Most skin cancers are caused by too much exposure to ultraviolet rays. Although it's nearly impossible to avoid being out in the sun, there are steps you can take to reduce your chances of developing it.
Always wear sunblock
No matter what time of year it is, always put on sunblock when you go outside.
"Use at least an SPF 15 sunblock every time you step outside. It's almost like you wake up in the morning, brush your teeth, comb your hair, put some sunscreen on," recommended Dr. George Verghese, a dermatologist and director of the Mid-Atlantic Skin Surgery Institute in Waldorf, Maryland. "And make sure it has both an UVA and a UVB blocker."
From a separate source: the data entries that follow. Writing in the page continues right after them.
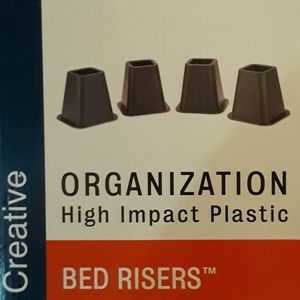 New Bed Risers (set of 4)
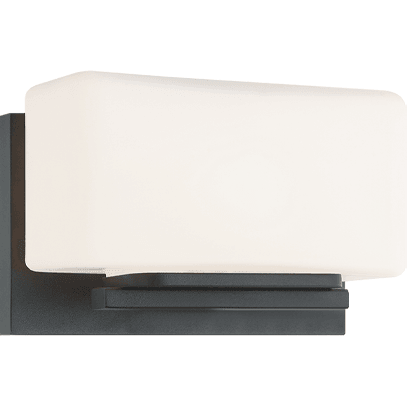 Matteo - Chiclet 1-Light Wall Sconce - Lights Canada
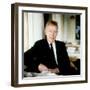 Max von Sydow-null-Framed Photo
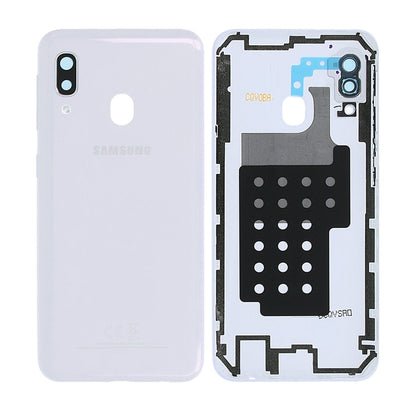 Samsung Galaxy A20e (SM-A202F) Baksida Original - Vit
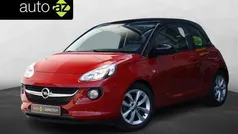 Rood Gebruikt 2017 Opel Adam Jam Hatchback | € 9.900 (Goede deal)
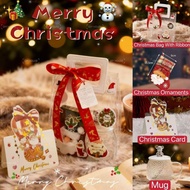 【Christmas Set】With Cup Bag Ribbon Gift Ideas Gift Set Exchange gift Useful For Girl Friend
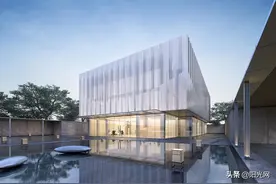 龙湖景粼天序|城市建筑最高境界，生活哲学至美空间图片
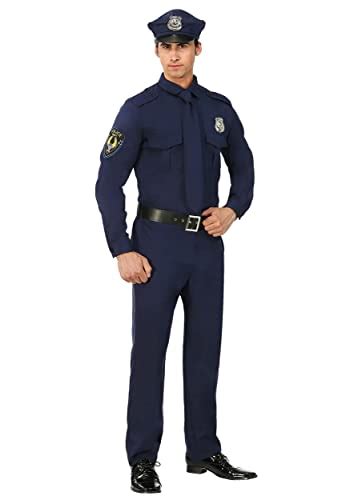 Unlocking the Power of the Police Officer Costume: A Definitive Guide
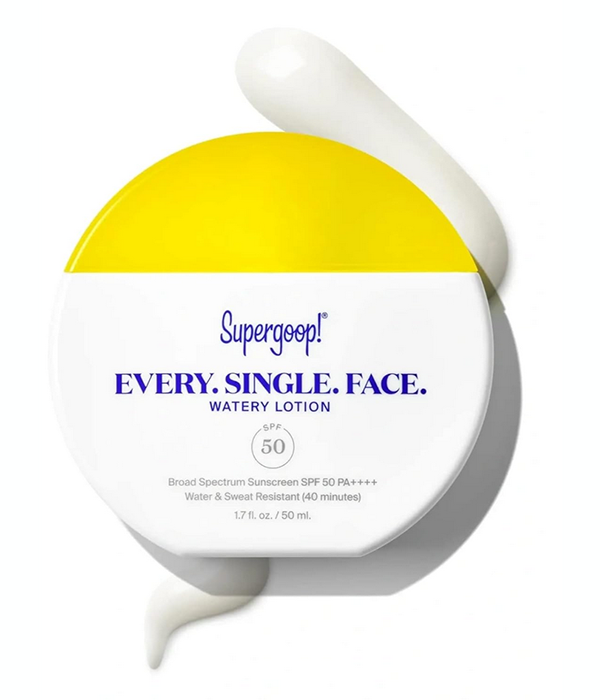 Every. Single. Face. Watery Lotion SPF 50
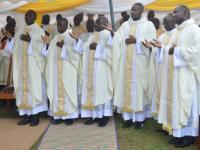 Ordination Class the Largest Ever for the Congregation in East Africa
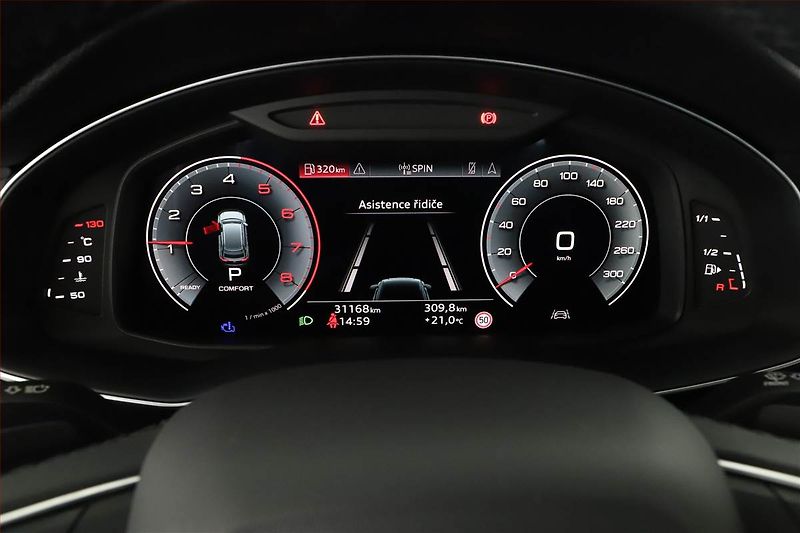 Audi Q8 (2023) 55 TFSI - fotka 9 z 20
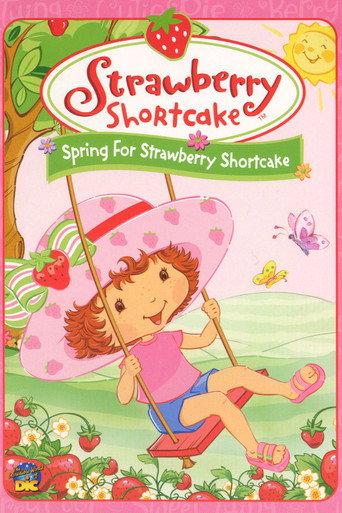 Strawberry Shortcake: Spring for Strawberry Shortcake (2003) poster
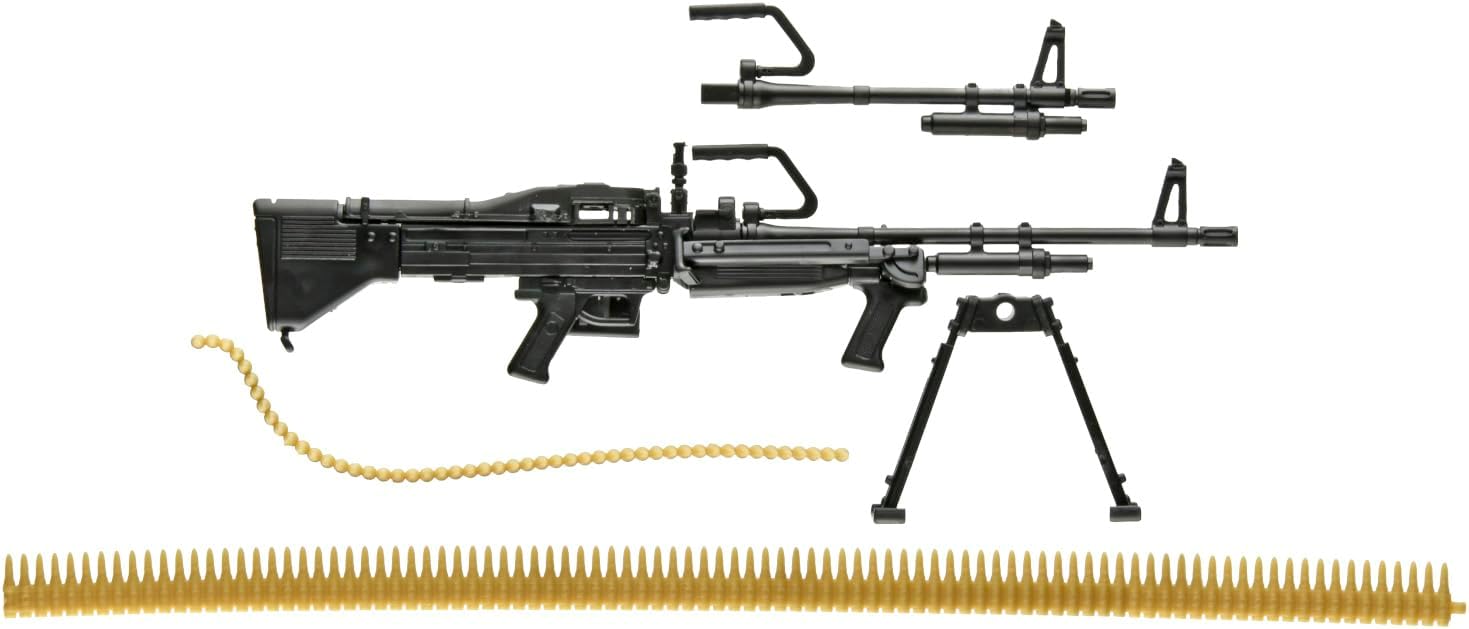 TOMYTEC LA108 1/12 Little Armory M60E3 Type - BanzaiHobby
Verghese says UVA rays penetrate deeper and break down the skin's cells, leading to wrinkles and blemishes; UVB rays are stronger, damage the skin's layers by burning and are mostly responsible for skin cancers.
Know your sunscreen
The American Cancer Society advises when choosing a sunscreen to look at the label: The higher the SPF (sun protection factor) number, the more protection you get. But, the group warns, sunblock does not give you total protection.
Furthermore, the sun protection factor number indicates protection against UVB rays only. Sunscreen products that say they protect against UVA and UVB radiation are the best, but according to the Skin Cancer Foundation, "at this time there is no standard system for measuring protection from UVA rays."
When slathering on sunscreen, once is not enough.
"Every two to four hours, you want to re-apply your sunscreen, with 1 to 2 ounces" to stay safe, Verghese said. He recommends using a waterproof (not just water-resistant) sunscreen if you'll be swimming and looking at the expiration date on a bottle of sunblock to make sure it's still effective.
Never forget your shades
Not only can certain sunglasses protect your eyes from developing cataracts later in life, they can keep you from developing melanoma of the eye and skin cancer around the temples. Look for glasses that offer UVA and UVB radiation protection of 99 to 100 percent. Anything less, and the protection diminishes.
Wear clothes that cover your skin, and never go to the beach without a coverup. Hiking outside? Dark colors usually provide more protection, and tightly woven fabrics are better when fighting the sun's rays than loosely woven clothing. Today, quite a few companies make sun protection clothing; they are tightly knit and have a special coating to help absorb UV rays. Verghese says they seem to work.
Be aware of the time of day
Try to avoid the strongest sun. Verghese advises to stay out of the sun between noon and 3 p.m., especially if you are at the beach. If you must be outside, look for shade, and stay covered.
Know how to tan
The National Institutes of Health strongly warns people not to use tanning beds on a regular basis, if at all. That's because the lamps in the beds give out UVA, and frequently UVB, rays in concentrated doses.
Verghese says tanning beds are part of the reason many young people are now being diagnosed with skin cancer.
"It almost accelerates the total UV radiation," he said. "So people manifest these skin cancers at a much earlier age."
If you think you are too pasty for the beach, try some of the new self-tanning products, most of which also have SPF (and no longer leave you orange like a pumpkin).
And last ...
Do a skin check
Know your body and your ABCD's (asymmetry, borders, color and diameter). Examine your skin once a month, and if you see something abnormal, talk to your doctor about it immediately.
Early detection is key to surviving skin cancer. Stephanie White knows firsthand. She caught her melanoma early because she was familiar with the blemishes on her skin. It's a practice, she'll tell you, that probably saved her life.